Nearly 2.5 percent of today’s carbon emissions are a result of global air travel — although emissions are expected to peak within this decade, aviation’s share of global emissions is projected to rise in coming years as other economic sectors decarbonize at a faster pace. The main culprit is the fossil fuel used to power aircraft. Even with exciting advancements in battery- and hydrogen-powered aircraft, today’s planes — and a large portion of the future aircraft fleet — are dependent on burning liquid fuels. Sustainable aviation fuel (SAF), often in the form of biofuel, has the potential to reduce the carbon intensity of flying by more than 80 percent and can be used in today’s aircraft. But SAF currently represents less than 0.1 percent of global aviation fuel due to insufficient supply, disaggregated demand, and cost barriers.
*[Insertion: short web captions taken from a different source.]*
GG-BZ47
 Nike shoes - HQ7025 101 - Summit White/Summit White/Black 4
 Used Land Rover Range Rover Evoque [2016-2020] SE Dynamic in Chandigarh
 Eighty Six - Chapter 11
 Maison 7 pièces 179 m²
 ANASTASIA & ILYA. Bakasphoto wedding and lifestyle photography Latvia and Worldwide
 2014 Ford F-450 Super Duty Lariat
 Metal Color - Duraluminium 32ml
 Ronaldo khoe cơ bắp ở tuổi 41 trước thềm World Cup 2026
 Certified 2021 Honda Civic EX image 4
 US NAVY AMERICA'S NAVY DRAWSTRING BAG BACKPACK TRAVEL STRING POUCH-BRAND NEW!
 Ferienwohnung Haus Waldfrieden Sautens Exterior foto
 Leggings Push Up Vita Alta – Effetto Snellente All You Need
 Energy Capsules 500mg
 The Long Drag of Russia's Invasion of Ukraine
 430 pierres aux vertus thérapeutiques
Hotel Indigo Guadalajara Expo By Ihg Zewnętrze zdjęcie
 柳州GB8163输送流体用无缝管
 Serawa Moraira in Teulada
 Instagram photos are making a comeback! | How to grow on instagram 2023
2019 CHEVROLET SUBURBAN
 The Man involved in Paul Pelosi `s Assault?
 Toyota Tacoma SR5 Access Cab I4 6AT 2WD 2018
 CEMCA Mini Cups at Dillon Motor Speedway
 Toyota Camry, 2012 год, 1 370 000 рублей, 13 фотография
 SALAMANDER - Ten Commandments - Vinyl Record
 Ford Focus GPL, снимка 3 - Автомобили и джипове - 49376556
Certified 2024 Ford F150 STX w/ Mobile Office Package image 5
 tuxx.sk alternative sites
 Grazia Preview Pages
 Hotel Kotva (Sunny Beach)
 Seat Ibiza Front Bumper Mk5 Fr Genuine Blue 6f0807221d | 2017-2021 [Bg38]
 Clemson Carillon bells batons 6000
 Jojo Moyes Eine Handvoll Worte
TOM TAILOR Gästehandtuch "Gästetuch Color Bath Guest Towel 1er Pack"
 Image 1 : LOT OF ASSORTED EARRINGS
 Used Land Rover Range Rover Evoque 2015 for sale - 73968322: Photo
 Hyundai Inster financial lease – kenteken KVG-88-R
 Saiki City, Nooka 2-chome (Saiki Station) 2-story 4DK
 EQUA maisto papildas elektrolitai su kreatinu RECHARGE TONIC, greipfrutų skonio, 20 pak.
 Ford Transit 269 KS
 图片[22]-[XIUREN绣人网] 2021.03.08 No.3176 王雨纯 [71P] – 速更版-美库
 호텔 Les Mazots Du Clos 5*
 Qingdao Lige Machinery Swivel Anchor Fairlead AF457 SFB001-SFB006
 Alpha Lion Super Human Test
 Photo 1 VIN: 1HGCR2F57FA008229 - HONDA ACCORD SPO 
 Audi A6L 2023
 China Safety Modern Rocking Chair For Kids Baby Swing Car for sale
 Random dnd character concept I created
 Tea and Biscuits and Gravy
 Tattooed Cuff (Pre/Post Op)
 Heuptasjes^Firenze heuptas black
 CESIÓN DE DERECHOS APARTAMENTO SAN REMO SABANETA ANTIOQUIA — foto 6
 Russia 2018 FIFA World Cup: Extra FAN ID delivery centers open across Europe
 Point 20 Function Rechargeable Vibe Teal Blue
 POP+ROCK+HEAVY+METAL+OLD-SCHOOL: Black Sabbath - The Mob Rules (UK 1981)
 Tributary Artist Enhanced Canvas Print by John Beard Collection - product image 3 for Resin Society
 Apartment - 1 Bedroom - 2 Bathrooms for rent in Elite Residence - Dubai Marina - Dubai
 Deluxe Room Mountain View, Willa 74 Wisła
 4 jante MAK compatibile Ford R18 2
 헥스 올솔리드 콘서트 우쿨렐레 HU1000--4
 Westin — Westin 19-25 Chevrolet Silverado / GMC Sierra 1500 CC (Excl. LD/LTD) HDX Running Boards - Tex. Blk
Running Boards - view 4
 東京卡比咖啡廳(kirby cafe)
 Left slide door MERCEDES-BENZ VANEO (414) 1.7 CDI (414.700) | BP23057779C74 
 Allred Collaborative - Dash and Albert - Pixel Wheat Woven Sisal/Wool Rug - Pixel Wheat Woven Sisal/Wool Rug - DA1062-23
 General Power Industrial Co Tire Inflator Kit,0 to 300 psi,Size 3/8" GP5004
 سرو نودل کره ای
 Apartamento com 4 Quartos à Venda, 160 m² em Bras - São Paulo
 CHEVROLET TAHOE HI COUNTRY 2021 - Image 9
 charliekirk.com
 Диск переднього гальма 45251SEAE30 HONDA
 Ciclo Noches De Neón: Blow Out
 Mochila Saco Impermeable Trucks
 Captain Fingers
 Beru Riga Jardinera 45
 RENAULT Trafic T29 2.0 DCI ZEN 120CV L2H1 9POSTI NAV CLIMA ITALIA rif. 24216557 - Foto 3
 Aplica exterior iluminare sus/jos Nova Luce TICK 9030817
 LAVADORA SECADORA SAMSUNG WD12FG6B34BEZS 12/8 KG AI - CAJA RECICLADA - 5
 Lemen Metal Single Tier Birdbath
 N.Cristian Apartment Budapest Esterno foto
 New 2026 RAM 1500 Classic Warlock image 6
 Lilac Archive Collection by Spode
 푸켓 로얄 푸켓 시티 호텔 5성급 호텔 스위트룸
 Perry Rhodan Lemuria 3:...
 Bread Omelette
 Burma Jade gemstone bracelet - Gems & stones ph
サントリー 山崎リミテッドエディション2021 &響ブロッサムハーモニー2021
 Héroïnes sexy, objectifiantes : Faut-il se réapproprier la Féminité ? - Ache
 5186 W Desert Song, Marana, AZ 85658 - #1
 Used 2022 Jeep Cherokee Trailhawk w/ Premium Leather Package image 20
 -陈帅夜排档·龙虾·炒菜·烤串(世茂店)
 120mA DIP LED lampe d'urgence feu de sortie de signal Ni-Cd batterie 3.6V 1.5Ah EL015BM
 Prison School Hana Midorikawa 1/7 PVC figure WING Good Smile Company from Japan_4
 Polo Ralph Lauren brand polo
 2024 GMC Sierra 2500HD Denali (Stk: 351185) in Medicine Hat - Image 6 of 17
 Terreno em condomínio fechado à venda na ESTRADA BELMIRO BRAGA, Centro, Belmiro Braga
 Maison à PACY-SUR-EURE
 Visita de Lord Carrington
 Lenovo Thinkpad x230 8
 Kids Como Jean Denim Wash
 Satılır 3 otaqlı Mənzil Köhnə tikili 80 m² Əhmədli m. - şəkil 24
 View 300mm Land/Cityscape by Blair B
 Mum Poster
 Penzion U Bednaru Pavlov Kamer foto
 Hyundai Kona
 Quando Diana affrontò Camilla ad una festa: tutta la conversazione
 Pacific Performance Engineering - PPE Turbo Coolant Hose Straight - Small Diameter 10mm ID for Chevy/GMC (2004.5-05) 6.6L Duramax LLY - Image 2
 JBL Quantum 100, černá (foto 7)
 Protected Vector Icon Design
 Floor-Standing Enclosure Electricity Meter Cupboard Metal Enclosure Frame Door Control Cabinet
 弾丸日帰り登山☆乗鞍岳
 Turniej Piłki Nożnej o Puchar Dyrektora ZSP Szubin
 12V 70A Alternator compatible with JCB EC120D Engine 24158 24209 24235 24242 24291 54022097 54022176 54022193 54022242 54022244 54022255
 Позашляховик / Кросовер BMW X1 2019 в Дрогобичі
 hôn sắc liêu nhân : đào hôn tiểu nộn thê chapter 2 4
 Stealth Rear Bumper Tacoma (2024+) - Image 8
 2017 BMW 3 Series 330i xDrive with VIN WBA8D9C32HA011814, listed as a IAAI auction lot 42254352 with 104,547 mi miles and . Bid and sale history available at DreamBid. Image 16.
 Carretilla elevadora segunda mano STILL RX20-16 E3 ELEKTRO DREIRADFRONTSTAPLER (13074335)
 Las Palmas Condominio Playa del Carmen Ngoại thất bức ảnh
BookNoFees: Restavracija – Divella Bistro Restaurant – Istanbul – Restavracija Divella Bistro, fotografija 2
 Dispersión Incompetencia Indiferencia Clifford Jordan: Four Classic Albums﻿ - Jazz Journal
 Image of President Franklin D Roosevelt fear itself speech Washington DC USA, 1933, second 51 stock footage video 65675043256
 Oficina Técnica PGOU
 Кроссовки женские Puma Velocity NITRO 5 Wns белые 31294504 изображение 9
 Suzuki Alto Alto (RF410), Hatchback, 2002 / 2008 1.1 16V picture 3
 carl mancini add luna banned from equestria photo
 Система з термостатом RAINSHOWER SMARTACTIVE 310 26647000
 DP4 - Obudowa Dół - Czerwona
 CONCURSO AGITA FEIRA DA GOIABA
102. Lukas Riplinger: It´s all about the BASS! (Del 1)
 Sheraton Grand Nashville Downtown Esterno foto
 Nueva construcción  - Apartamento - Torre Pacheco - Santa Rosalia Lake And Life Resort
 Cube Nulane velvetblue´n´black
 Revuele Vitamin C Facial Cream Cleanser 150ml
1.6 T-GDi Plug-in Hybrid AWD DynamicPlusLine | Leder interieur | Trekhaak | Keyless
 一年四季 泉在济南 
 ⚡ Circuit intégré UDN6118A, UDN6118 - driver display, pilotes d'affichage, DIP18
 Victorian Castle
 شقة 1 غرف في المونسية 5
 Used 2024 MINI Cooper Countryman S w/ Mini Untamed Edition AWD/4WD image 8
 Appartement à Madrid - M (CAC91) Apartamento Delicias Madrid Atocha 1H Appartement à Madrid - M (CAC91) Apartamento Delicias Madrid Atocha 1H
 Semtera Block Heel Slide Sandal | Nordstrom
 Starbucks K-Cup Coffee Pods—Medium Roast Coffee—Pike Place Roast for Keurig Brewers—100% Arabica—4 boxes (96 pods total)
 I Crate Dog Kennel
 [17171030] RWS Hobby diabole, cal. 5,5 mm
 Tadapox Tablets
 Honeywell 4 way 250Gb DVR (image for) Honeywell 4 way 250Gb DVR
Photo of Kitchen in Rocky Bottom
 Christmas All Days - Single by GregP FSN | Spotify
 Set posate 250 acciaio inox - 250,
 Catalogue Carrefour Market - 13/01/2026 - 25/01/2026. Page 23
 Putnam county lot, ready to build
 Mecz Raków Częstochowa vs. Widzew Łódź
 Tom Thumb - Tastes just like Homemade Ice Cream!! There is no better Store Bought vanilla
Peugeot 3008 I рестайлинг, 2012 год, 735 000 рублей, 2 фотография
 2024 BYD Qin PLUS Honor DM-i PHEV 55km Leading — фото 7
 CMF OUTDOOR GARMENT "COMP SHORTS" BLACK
In addition, the industry faces the challenge of addressing the non-CO₂ impacts of flying which are becoming increasingly understood as research in the area progresses. For example, contrail cirrus formations, the wispy white clouds trailing behind many aircraft, are now understood to have a significant warming impact, perhaps even more so than the CO₂ emissions from air travel alone. Averaged over all flights based on a global warming potential (GWP) 100-year time period, contrails are estimated on a conservative basis to contribute a warming effect comparable to an additional 61 percent of annual aviation CO₂ emissions. However, since contrails have short atmospheric lifespans relative to CO₂, avoiding or reducing their formation may result in significant near-term reductions to climate warming attributable to aviation.

First-Class Solutions

In October of 2021, the International Air Transport Association (IATA) passed a resolution to fly net zero by 2050. That’s good news for the environment, because IATA represents around 300 airlines, or 83 percent of total air traffic. Many individual airlines, companies, and whole countries, have also pledged to drastically reduce their aviation emissions. The industry’s commitment to decarbonization means net-zero aviation is cleared for take-off, and it starts with scaling sustainable aviation fuel.

SAF, made from non-petroleum-based, renewable feedstocks, is the only scalable tool to decarbonize aviation right now. Biofuels are becoming more readily available as companies convert municipal solid waste, used cooking oil, agricultural waste, and other organic matter into fuel while promising new pathways to produce synthetic or ‘power to liquid fuels’ from renewable energy and captured CO₂ continue to advance. But to keep the aviation sector on track for net zero in 2050, the SAF project pipeline will require massive capital investments. RMI is working closely with fuel suppliers, airlines, and corporate buyers to connect the dots across the value chain for sustainable aviation fuel in order to rapidly increase availability and use of this critical, low-emissions fuel.

We’re also working with the aviation industry to tackle the impact from contrails, which form at cruising altitude when the atmosphere has proper conditions for water to condense behind engine exhaust trails. What if aircraft avoided those conditions? In collaboration with airlines and researchers, we are helping develop tools so aviators can adjust flight plans to mitigate contrails, just like turbulence, icing, or inclement weather are incorporated into flight planning today. By establishing a playbook for contrail avoidance, we can help airlines significantly reduce the climate impacts of aviation in the near term.

By building relationships with fuel suppliers, airlines, airports, researchers, and corporate buyers, and providing them with the analysis and tools they need, RMI is addressing both air travel carbon emissions and the climate impact of aviation contrails.